Mon premier Grand défi sera difficile à battre, j’en ai bien peur


Antoine Robitaille
Pour fuir les problèmes du monde, le vélo, surtout les longues sorties patientes, n’a pas son pareil.
C’est ce que je me suis dit dimanche, en terminant la dernière étape du Grand défi Pierre Lavoie, un événement sportif unique auquel je rêvais de participer depuis longtemps.

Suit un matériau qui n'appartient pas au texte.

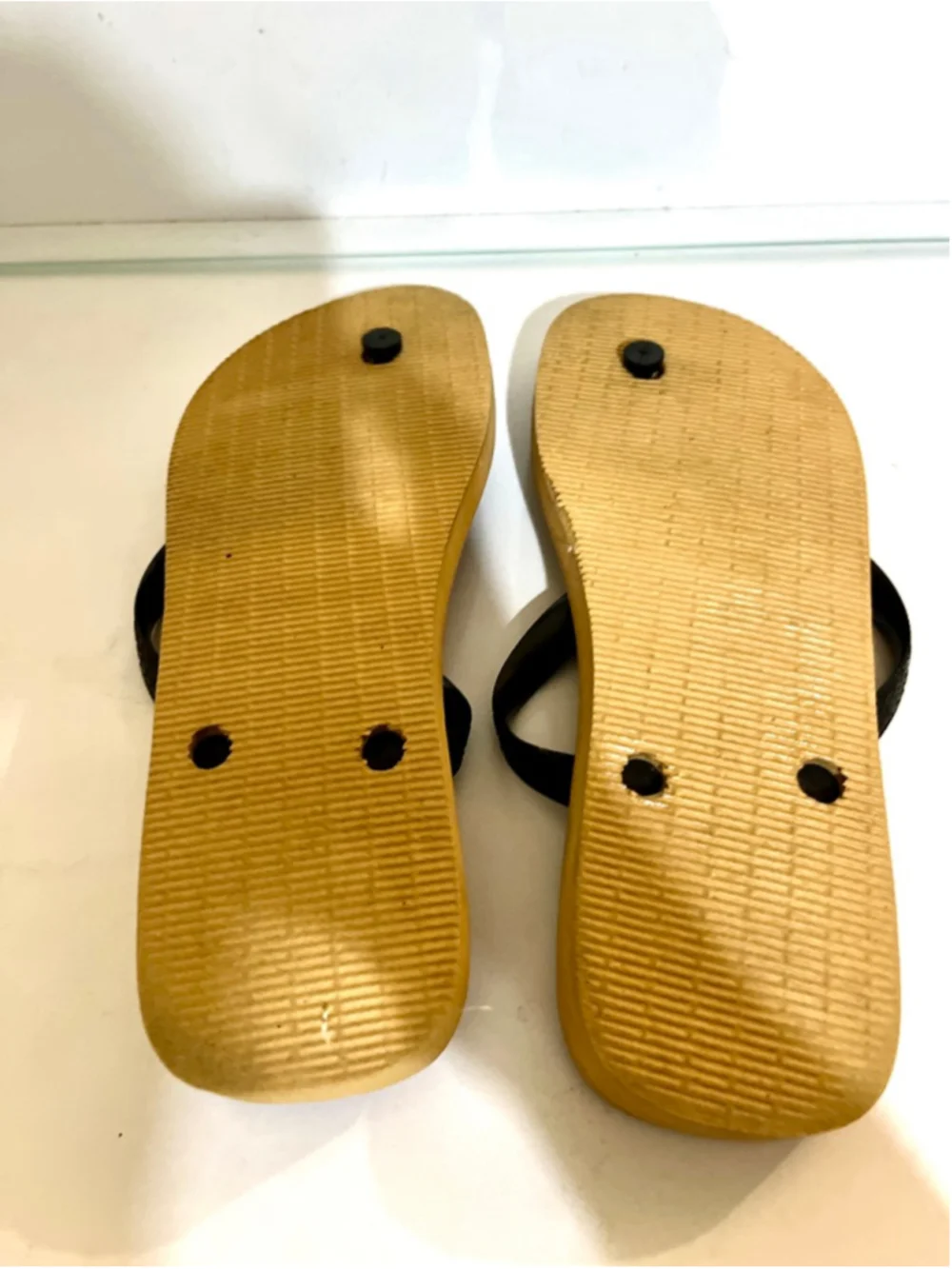 Havaianas Harry Potter Top flip-flops with a crest graphic men size 12-13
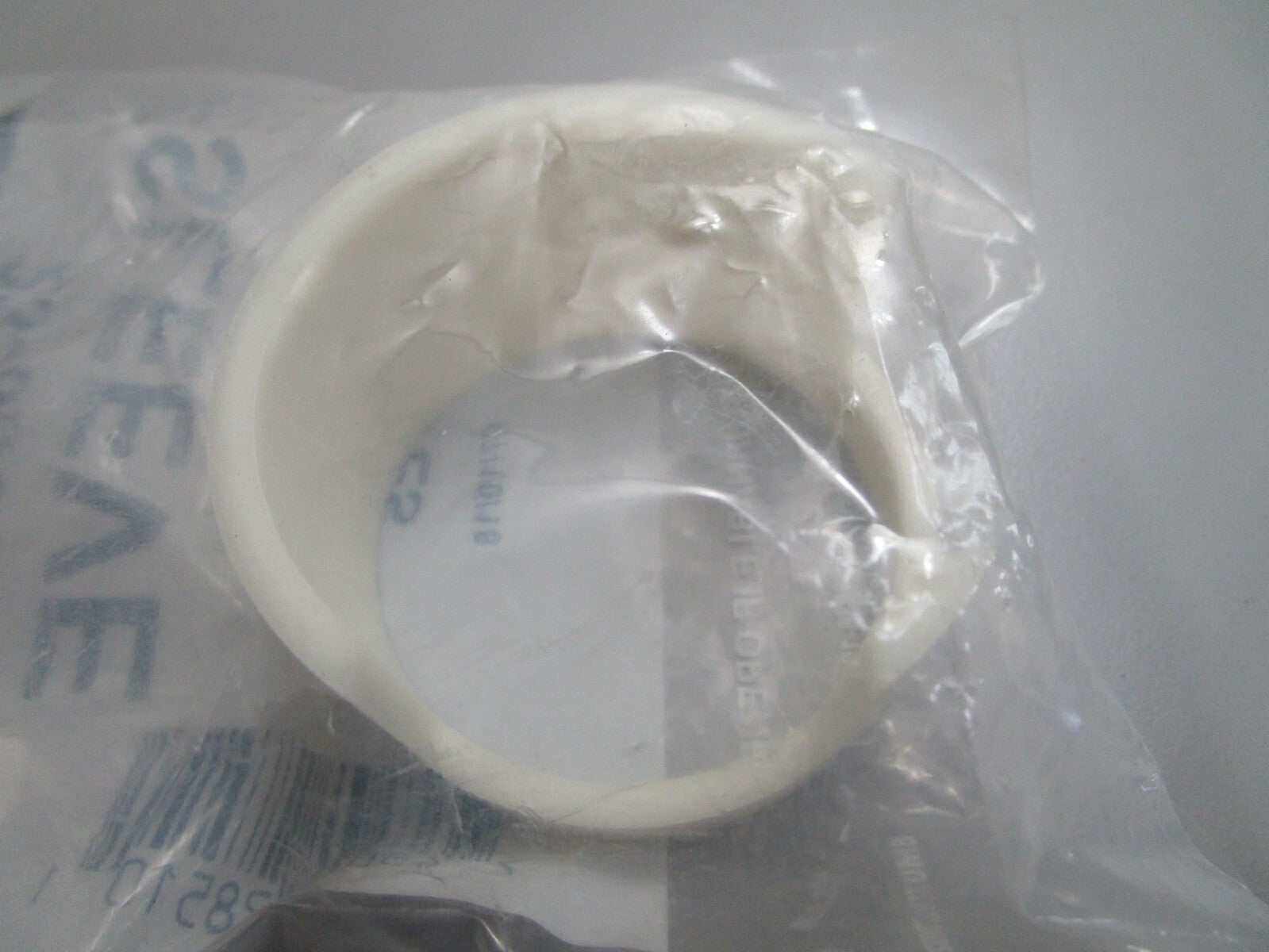 *NEW OEM* 0810 Mercury Quicksilver Sleeve 23-806922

Il m’a fallu attendre la 17e édition avant d’avoir la chance de le relever. La deuxième où les cyclistes parcourant les 1000km en équipe habitent un village éphémère et dorment à cinq dans des tentes faites comme des jeux gonflables. Ce fut le cas pour nos quatre vaillantes équipes de Québecor.
Monde parallèle
Ainsi, au moment où Israël attaquait l’Iran, où Trump sommeillait devant «son» défilé militaire, où une sénatrice du Minnesota et son mari étaient assassinés, etc., nous avons roulé dans certains des plus beaux paysages urbains et ruraux de la région de Québec.
Plus de 550km en quatre jours dans mon cas. Parfois, les alertes sur ma montre ou les exclamations de ma capitaine, Julie Marcoux – athlète et cheffe d’antenne de TVA, toujours à l’affût de l’actualité entre deux étapes –, nous rappelaient les tourments de notre monde.

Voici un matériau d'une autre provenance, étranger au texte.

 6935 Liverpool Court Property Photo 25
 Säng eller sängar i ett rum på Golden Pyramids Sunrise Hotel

Mais au GDPL 2025, nous semblions, pendant quatre jours, habiter une sorte de planète parallèle où régnaient la convivialité, le sens de l’effort personnel et collectif, les «saines habitudes de vie» et l’entraide (les plus forts aidaient les moins entraînés dans les côtes), sans aucune compétition.

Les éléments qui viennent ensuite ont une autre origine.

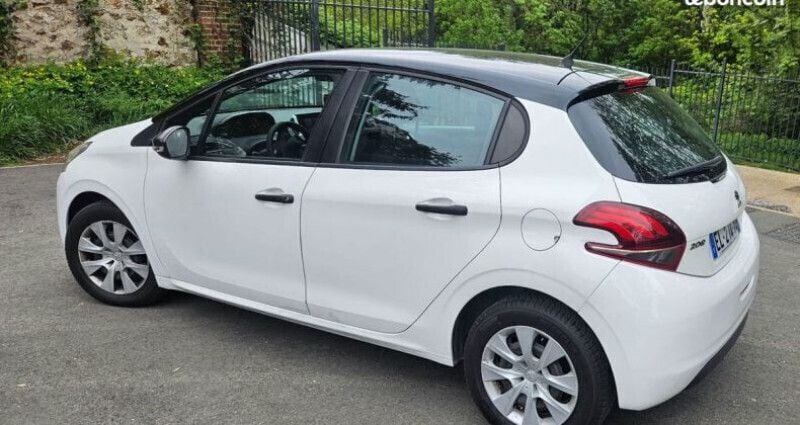 Blanc Utilisé 2017 Peugeot 208 Citadine | 7 490 € (Super prix) - Image 1/4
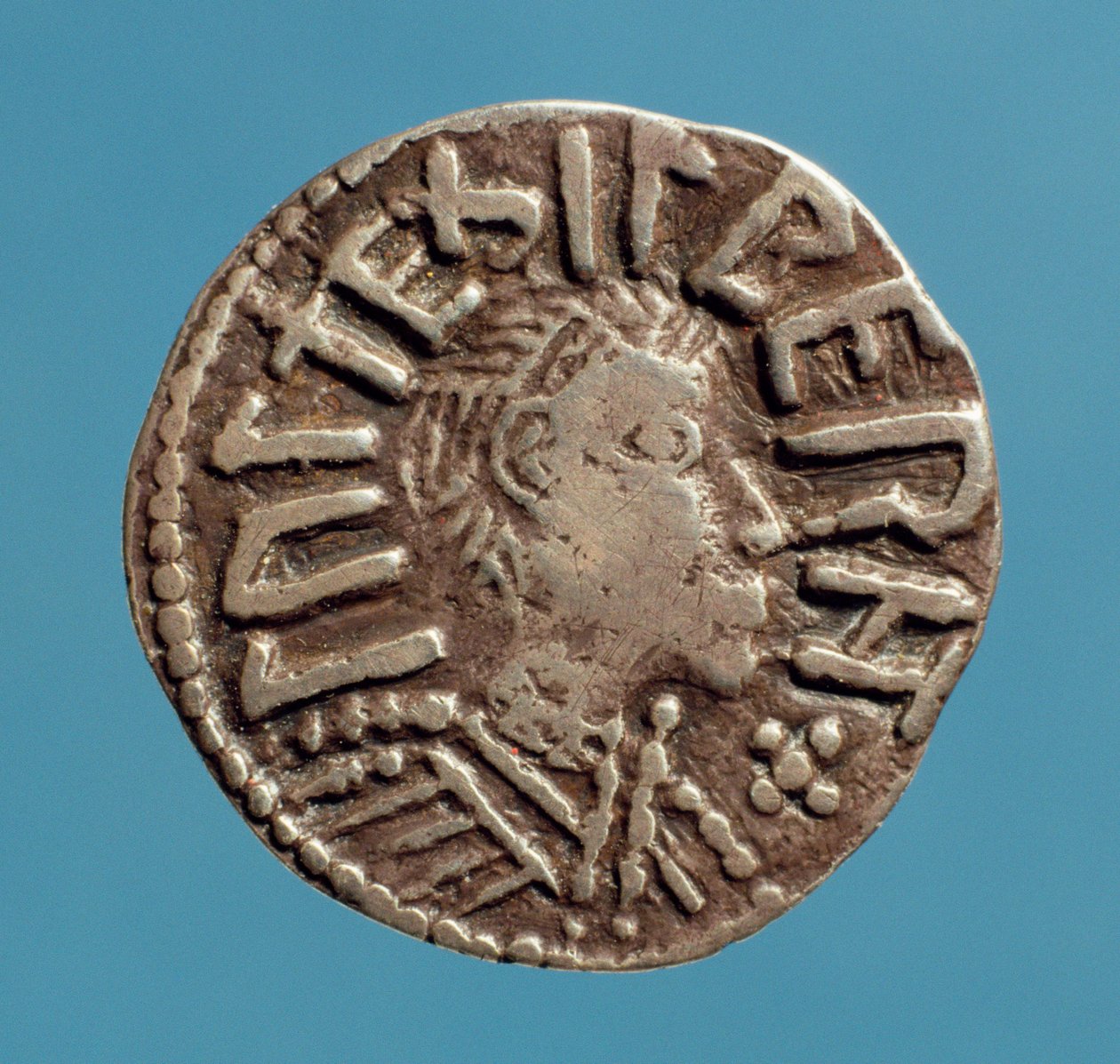 Aethelberht的Penny（正面）（d.794）东安格利亚的盎格鲁撒克逊国王。 （银） 作者 盎格鲁撒克逊人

Une utopie pour cyclistes, où les policiers à moto vous escortent, ouvrent la voie, en bloquent temporairement d’autres aux véhicules et où un «QG» roulant, gros VR modifié équipé à l’arrière, face aux cyclistes, d’une plateforme où des animateurs règlent la vitesse du cortège, animent la foule à vélo, font jouer de la musique, mais surtout, veillent à leur sécurité en prévenant des risques à venir, dont les innombrables trous dans la chaussée.
Depuis 17 ans, Pierre Lavoie tient à ce que la guitare de The Edge et la voix geignarde de Bono, de U2, dans la chanson Where the Streets Have No Name, rythment le départ de chaque étape du Grand défi! À ma septième et dernière étape, j’ai imaginé mon ancien collègue chroniqueur retraité Michel Hébert lancer ironiquement: «Nous on préférerait entonner Where the Streets Have No Holes!»
Météo
Pierre Lavoie a déclaré au Journal de Québec qu’il s’agissait d’«une des plus belles éditions» du GDPL.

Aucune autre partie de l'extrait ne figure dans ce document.